WASHINGTON -- The latest foiled bomb plot targeting an airliner is an indication that, while the device did not ultimately pose a threat, terrorists remain determined, U.S. Secretary of State Hilary Clinton said Tuesday.
"These terrorists keep trying ... to devise more perverse and terrible ways to kill innocent people, and it's a reminder as to why we have to remain vigilant at home and abroad in protecting our nation and in protecting friendly nations," she told reporters at a news conference in New Delhi.
On Monday, officials said U.S. and other intelligence agencies recently broke up the plot and had seized an explosive device that is similar to ones previously used by al Qaeda.
The plot was discovered before it threatened any Americans, and no airliners were at risk, one U.S. counterterrorism official said. A nonmetallic explosive device like the one used in the failed attempt to bomb a Detroit-bound jet in 2009 was recovered, the official said, adding that it was meant for use by a suicide bomber.
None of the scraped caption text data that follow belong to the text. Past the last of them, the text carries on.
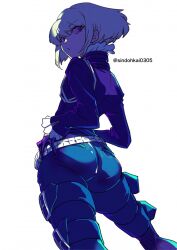 lio fotia from promare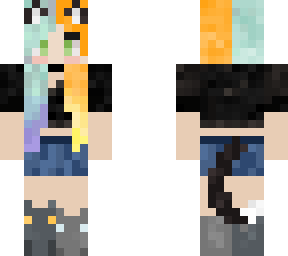 cat girl edit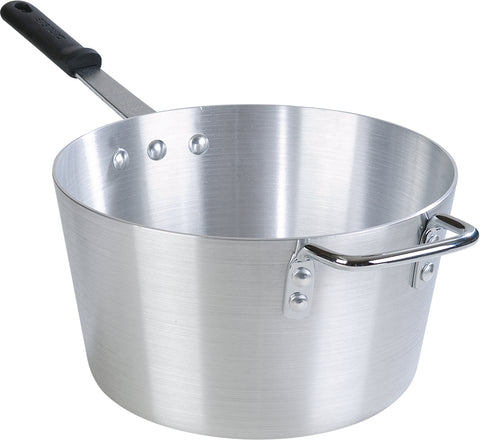 Carlisle PAN SAUCE TAPERED ALUMINUM 10 QT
A spokesman for the Department of Homeland Security said authorities have "no specific, credible information regarding an active terrorist plot against the U.S. at this time," although they continue to monitor efforts to carry out such attacks.
U.S. President Barack Obama was told about the plot in April, and the attempt "underscores the necessity of remaining vigilant against terrorism here and abroad," the White House said.
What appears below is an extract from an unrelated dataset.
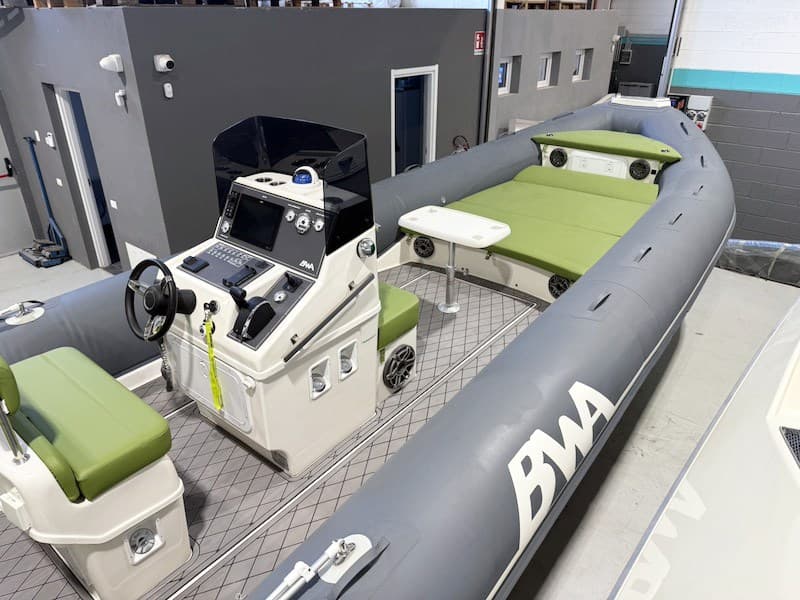 BWA Nautica BWA 9000 usato - foto hero 8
The threat was foiled around the same time as the anniversary of the raid that killed Osama bin Laden, although a second U.S. counterterrorism official said the attempted attack was not timed to coincide with the death of the al Qaeda leader.
The FBI said it is conducting technical and forensic analysis on the improvised explosive device.
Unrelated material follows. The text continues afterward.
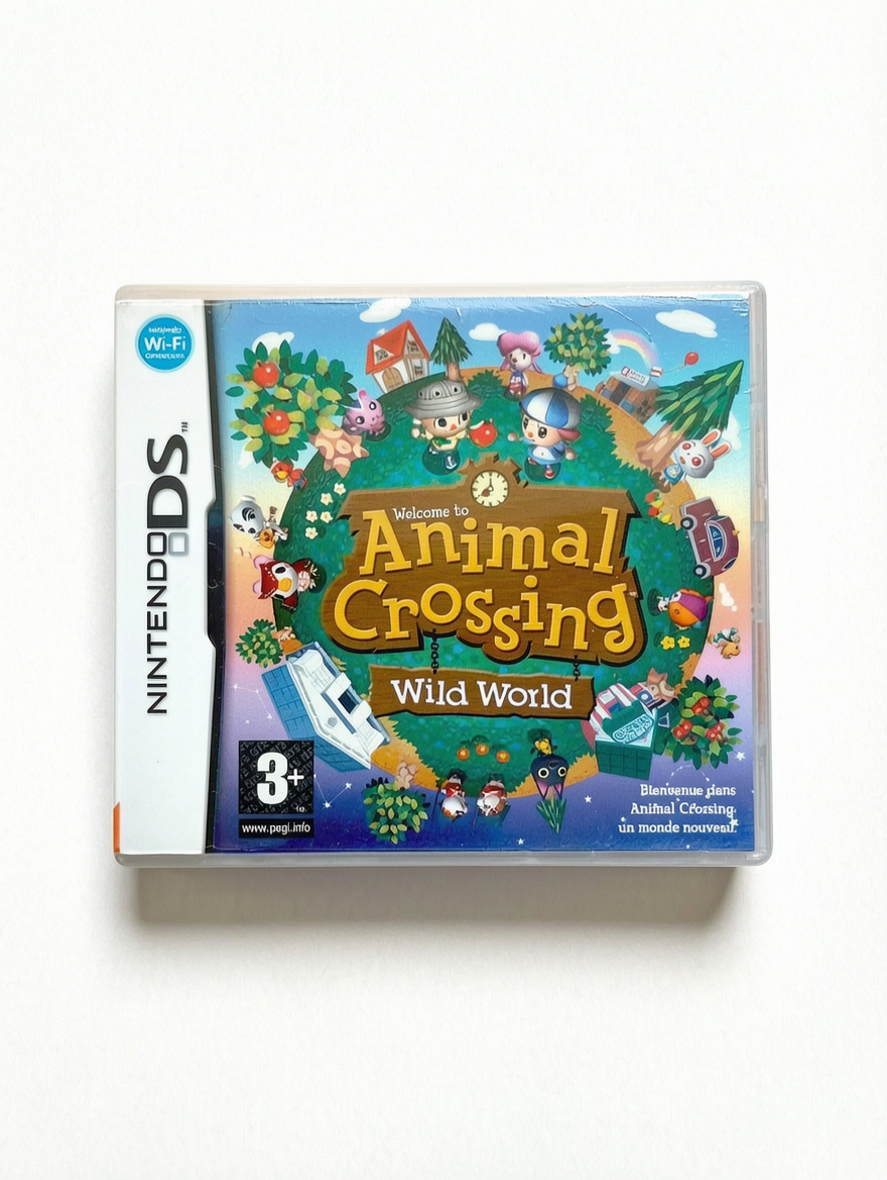 Animal Crossing: Wild World Nintendo DS (Boite + notice)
The device is similar to others previously used by al Qaeda in the Arabian Peninsula (AQAP), which Western officials describe as al Qaeda's most dangerous affiliate, the FBI said.
The device was meant to be put on a U.S.-bound airline, U.S. Rep. Peter King, chairman of the House Homeland Security Committee, told CNN's Anderson Cooper.
The New York Republican said discovery of the bomb plot is just one part of an ongoing operation.
"It's not over as far as the operation itself, which is why you're seeing very few details being given out," he said.
Both King and a senior administration official said the intended user of the bomb is no longer a threat.
The recovered device, which never made it near an airport or airplane, was not built to be a so-called body bomb, the official said.
"AQAP is the responsible group here," said a different senior U.S. official.
"While similar, a preliminary review of this device shows that it has some significant differences from the device used in the Christmas Day attack. It is clear that AQAP is revamping its bomb techniques to try to avoid the causes of the failure of the 2009 device," the official said, referring to the Detroit incident.
U.S. officials believe AQAP has more than 1,000 members in Yemen and connections to al Qaeda leadership in Pakistan.
Contacted Tuesday, Yemeni officials in the president's office, as well as in the Ministry of the Interior, said they had no information about the plot.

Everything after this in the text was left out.